● **WORK REQUIRED**
The answer must reproduce exactly the lines from the one with "Anthropologie Freedom of" through the end of the material, and it must contain no pictures.

● **GIVEN MATERIAL**
○ ○ ○ ○ ○

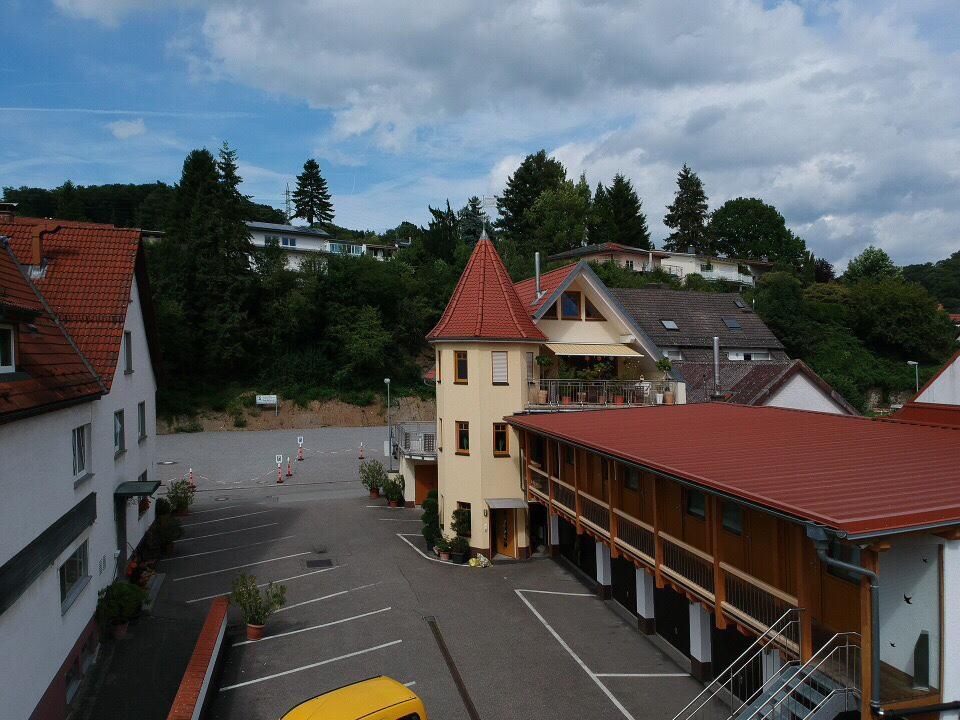 Zum Kaiserwirt Heppenheim  Екстер'єр фото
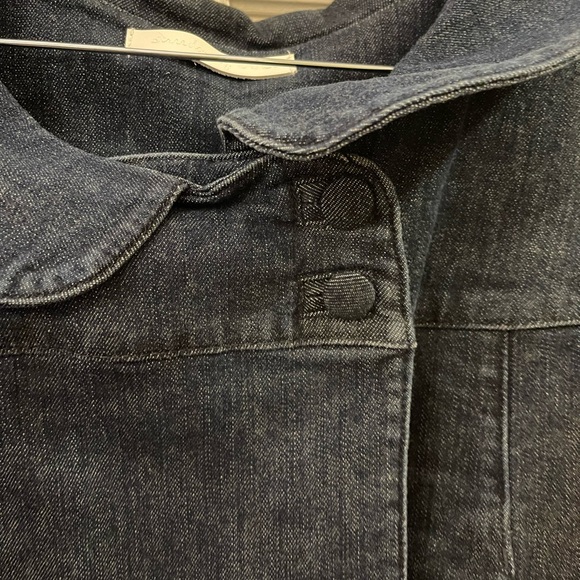 Anthropologie Freedom of Choice denim jacket in large - Picture 6 of 8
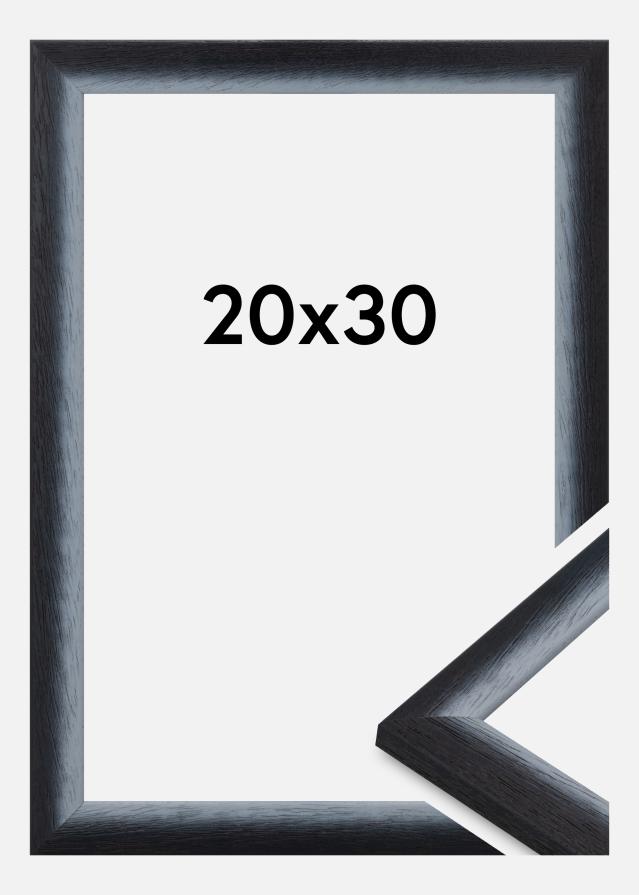 Ramme Cornwall Akrylglass Svart 20x30 cm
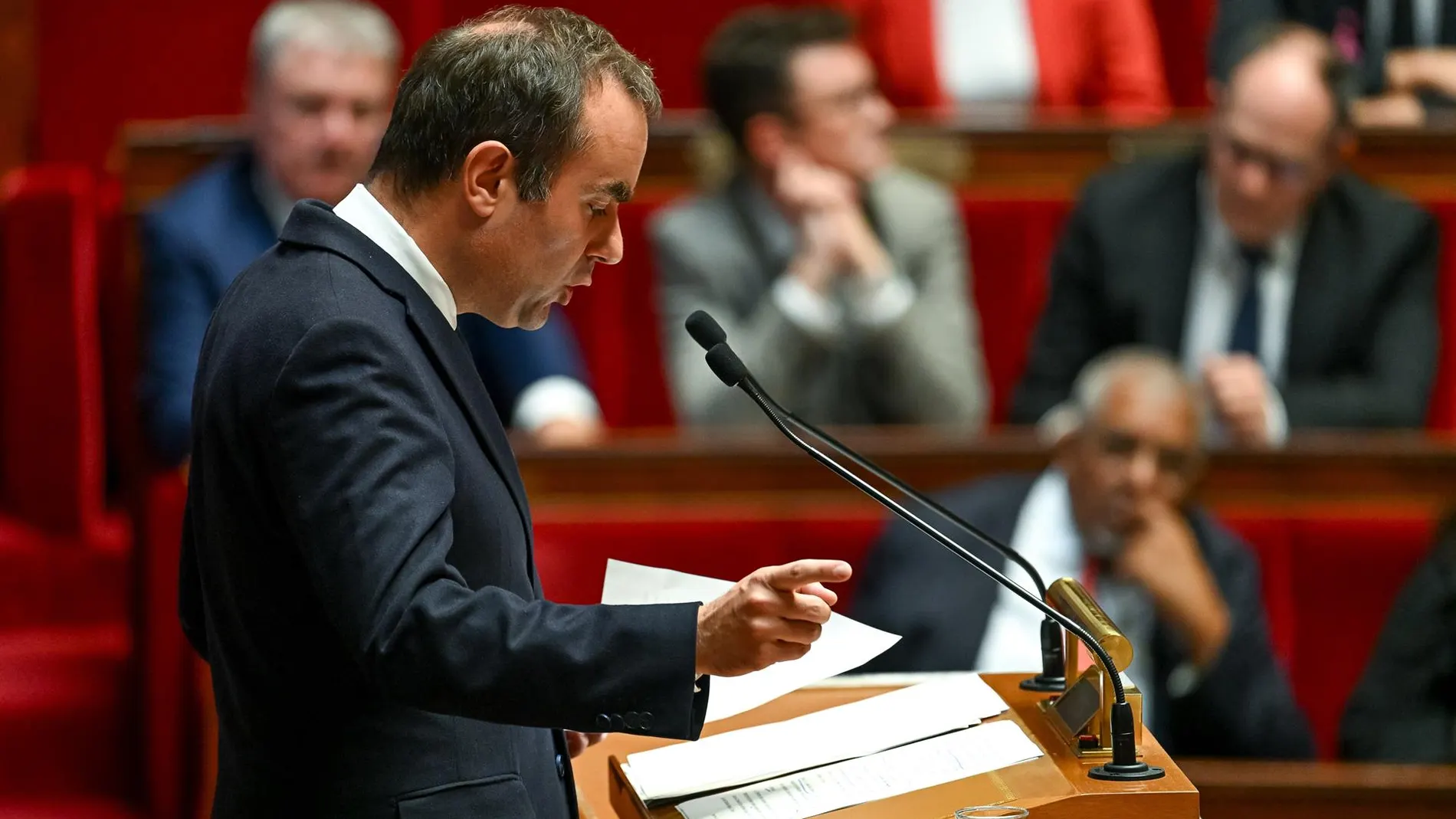 Sébastien Lecornu, primer ministro de Francia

○ ○ ○ ○ ○

● **EXERCISE ANSWER**
 Anthropologie Freedom of Choice denim jacket in large - Picture 6 of 8
 Ramme Cornwall Akrylglass Svart 20x30 cm
 Sébastien Lecornu, primer ministro de Francia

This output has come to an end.